━━━━━ Supplied records

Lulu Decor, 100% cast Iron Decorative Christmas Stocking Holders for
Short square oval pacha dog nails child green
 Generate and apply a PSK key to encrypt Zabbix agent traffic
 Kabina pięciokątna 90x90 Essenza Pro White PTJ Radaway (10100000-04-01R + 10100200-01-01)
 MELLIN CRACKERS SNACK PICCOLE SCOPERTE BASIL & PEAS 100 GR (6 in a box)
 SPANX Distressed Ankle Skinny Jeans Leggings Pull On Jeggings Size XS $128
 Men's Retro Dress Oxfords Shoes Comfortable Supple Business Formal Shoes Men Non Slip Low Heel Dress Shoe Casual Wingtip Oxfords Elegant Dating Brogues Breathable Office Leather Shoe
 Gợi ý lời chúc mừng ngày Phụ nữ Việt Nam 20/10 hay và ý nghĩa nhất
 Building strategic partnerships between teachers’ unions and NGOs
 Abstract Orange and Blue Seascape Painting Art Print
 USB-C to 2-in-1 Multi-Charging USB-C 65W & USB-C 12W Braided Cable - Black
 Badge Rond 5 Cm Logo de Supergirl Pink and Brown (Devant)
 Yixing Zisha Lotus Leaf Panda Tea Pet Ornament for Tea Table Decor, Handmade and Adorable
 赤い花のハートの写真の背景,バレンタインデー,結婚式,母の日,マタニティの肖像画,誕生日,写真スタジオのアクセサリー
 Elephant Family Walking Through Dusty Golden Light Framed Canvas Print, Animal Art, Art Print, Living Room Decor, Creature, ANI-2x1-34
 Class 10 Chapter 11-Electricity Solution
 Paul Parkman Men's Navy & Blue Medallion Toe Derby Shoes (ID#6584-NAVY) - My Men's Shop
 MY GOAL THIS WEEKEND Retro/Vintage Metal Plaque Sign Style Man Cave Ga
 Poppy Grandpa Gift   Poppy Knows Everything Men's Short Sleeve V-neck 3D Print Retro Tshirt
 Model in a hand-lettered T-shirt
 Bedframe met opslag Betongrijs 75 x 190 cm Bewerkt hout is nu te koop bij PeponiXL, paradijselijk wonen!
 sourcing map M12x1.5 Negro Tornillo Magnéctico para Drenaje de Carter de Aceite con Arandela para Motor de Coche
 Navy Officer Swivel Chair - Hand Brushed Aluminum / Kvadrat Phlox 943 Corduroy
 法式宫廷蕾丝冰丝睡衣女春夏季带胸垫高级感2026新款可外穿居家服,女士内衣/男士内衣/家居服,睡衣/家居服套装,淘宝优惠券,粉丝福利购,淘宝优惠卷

━━━━━━━━━━

§ Task directions: The response must consist of the lines above, from the first one through the line containing "MELLIN CRACKERS SNACK", reproduced exactly.

§ Answer below:
Lulu Decor, 100% cast Iron Decorative Christmas Stocking Holders for
Short square oval pacha dog nails child green
 Generate and apply a PSK key to encrypt Zabbix agent traffic
 Kabina pięciokątna 90x90 Essenza Pro White PTJ Radaway (10100000-04-01R + 10100200-01-01)
 MELLIN CRACKERS SNACK PICCOLE SCOPERTE BASIL & PEAS 100 GR (6 in a box)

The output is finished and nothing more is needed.